FO red-faced over briefing blunder

The Foreign Office has published a briefing suggesting EU foreign policy chief Cathy Ashton was not experienced enough for her job
12 April 2012

The Foreign Office has been left red-faced after it inadvertently published a confidential briefing which suggests European Union foreign policy chief Cathy Ashton was not experienced enough for her job.

The embarrassing blunder comes just two months after the Ministry of Defence was forced into an emergency retraction of secret information about Britain's nuclear-powered submarines it posted online.
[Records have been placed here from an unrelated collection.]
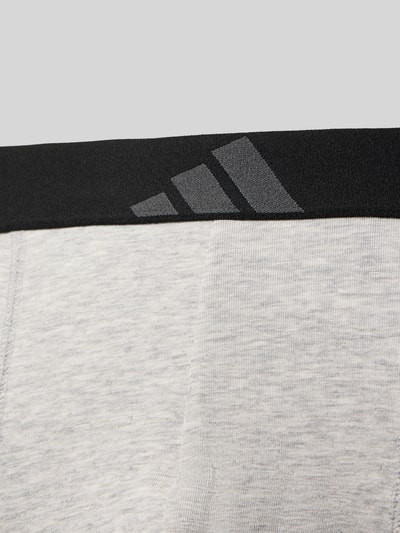 Produktfoto, Trunks aus Baumwoll-Mix im 5er-Pack von adidas Sportswear mit Optik: Unifarben, Logo-Print, elastischem Bundabschluss, Jersey-Stretch Materialverarbeitung, detailreiche Nahaufnahme der Stoffstruktur.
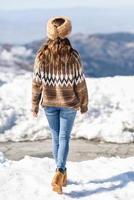 Young woman enjoying the snowy mountains in winter photo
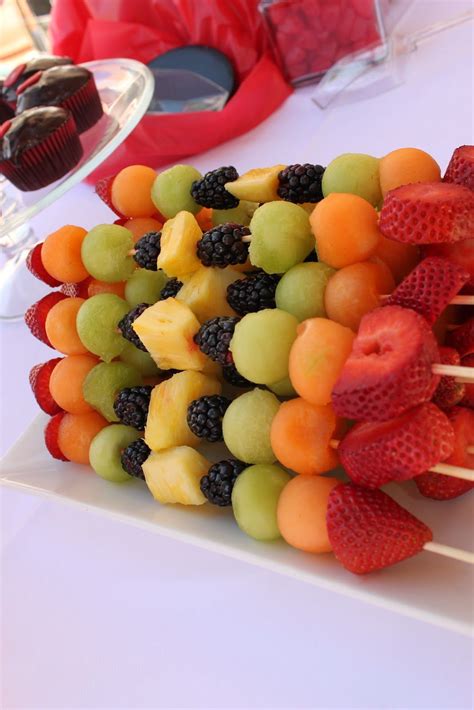 A Bunch Of Fruit Skewers Sitting On Top Of A White Plate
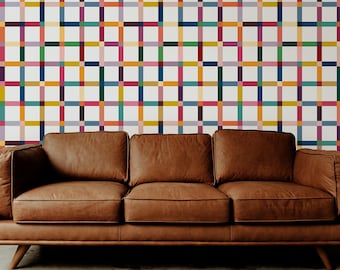 May include: A brown leather sofa with a mid-century modern design is positioned in front of a wall with a colorful grid pattern. The grid features squares in various colors, including red, yellow, blue, and green.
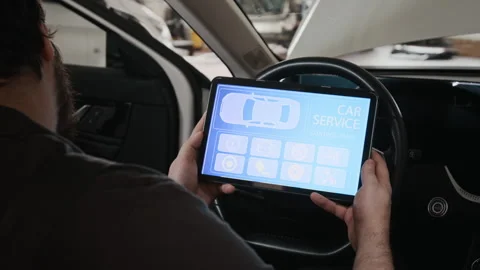 Young Male Mechanic with Tablet Testing Car Systems, Sitting at Steering Wheel Stock Footage 329410290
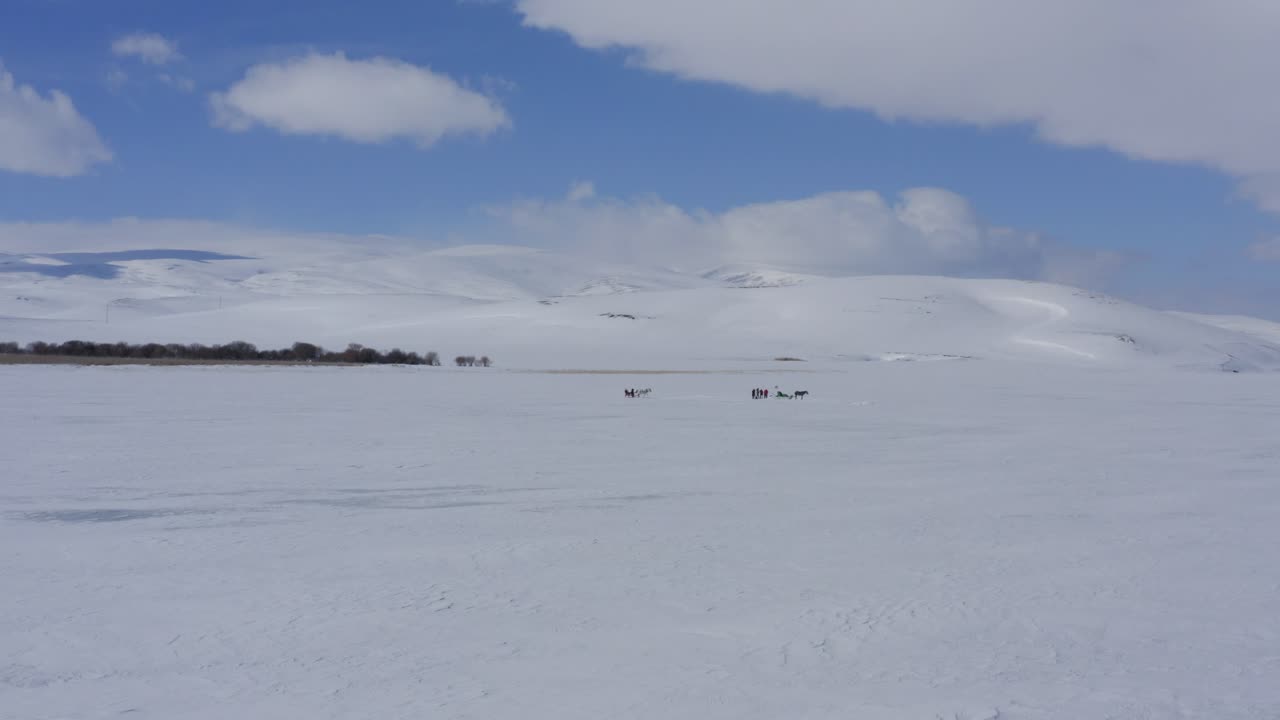 White ice landscape with white clouds in blue sky on frozen lake drone circle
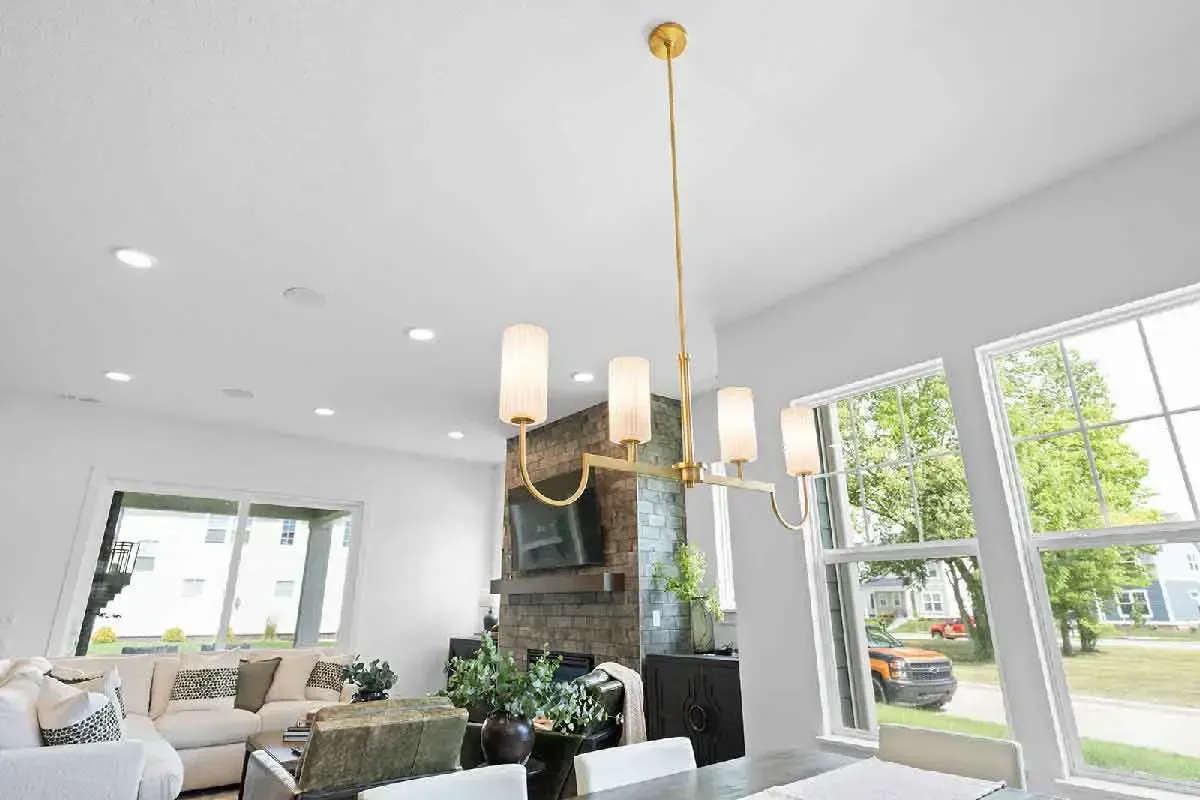 A bright dining room features a modern gold chandelier over a table, with a stone fireplace and windows in the background.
Both official documents contained sensitive material that appeared to be blacked out but could in fact be read by anyone using a computer to copy and paste it into another file.

UK Independence Party leader Nigel Farage, who has been a vocal critic of Baroness Ashton's appointment, said the ease with which the redacted information could be recovered suggested "serious lapses in security".

"It makes you wonder how many other documents are in existence which, following a simple 'cut and paste' exercise, would also reveal the real thinking behind some key decisions," he said.

The Foreign Office memo reveals that the UK Government felt only a former foreign minister, prime minister or head of state would have "enough authority" to become the EU's first High Representative for Foreign Affairs.

The Foreign Office published the document, which dates from earlier in 2009, on its website in response to a Freedom of Information (FoI) request. It lists the UK's objectives for the newly-created positions of European Council president and EU High Representative for Foreign Affairs.

Then-prime minister Gordon Brown lobbied hard for Tony Blair to be made Europe's first president, but in the end the post went to Belgian prime minister Herman van Rompuy.

The document calls for a "strong, effective" High Representative who could help build a "credible" European diplomatic corps, known as the External Action Service (EAS), and "represent EU foreign policy in the wider world".

A Foreign Office spokesman said: "We take the full and proper application of the Freedom of Information Act very seriously. Subsequent to the release of this FoI, we wrote round to all Foreign and Commonwealth Office departments in March, setting out best practice on handling the redaction of withheld material."